[Exercise material Boundary: Start]

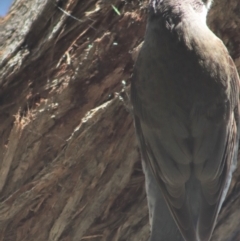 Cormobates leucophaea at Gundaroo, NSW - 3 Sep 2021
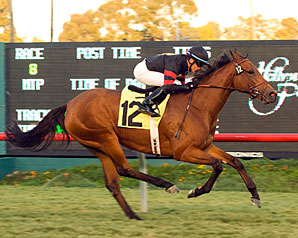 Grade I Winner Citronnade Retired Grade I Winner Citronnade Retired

[Exercise material Boundary: End]
[Exercise material Boundary: Start]

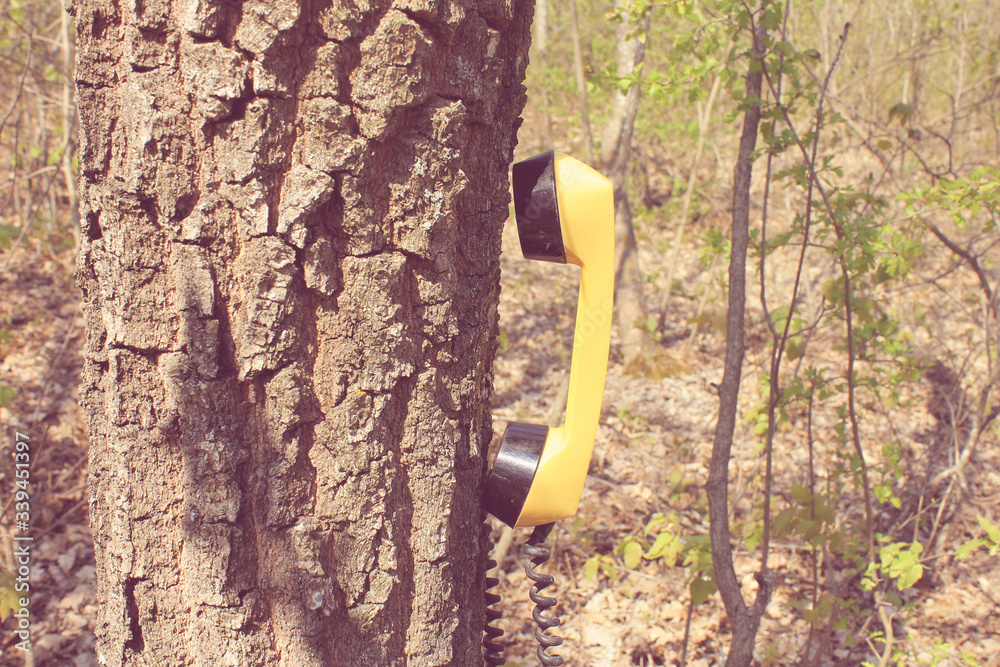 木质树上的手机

[Exercise material Boundary: End]

Exercise:
Drop the pictures; return the lines above from the line containing "Cormobates leucophaea at" to the line containing "Grade I Winner Citronnade Retired Grade", both included, exactly.

Expected output:
 Cormobates leucophaea at Gundaroo, NSW - 3 Sep 2021
 Grade I Winner Citronnade Retired Grade I Winner Citronnade Retired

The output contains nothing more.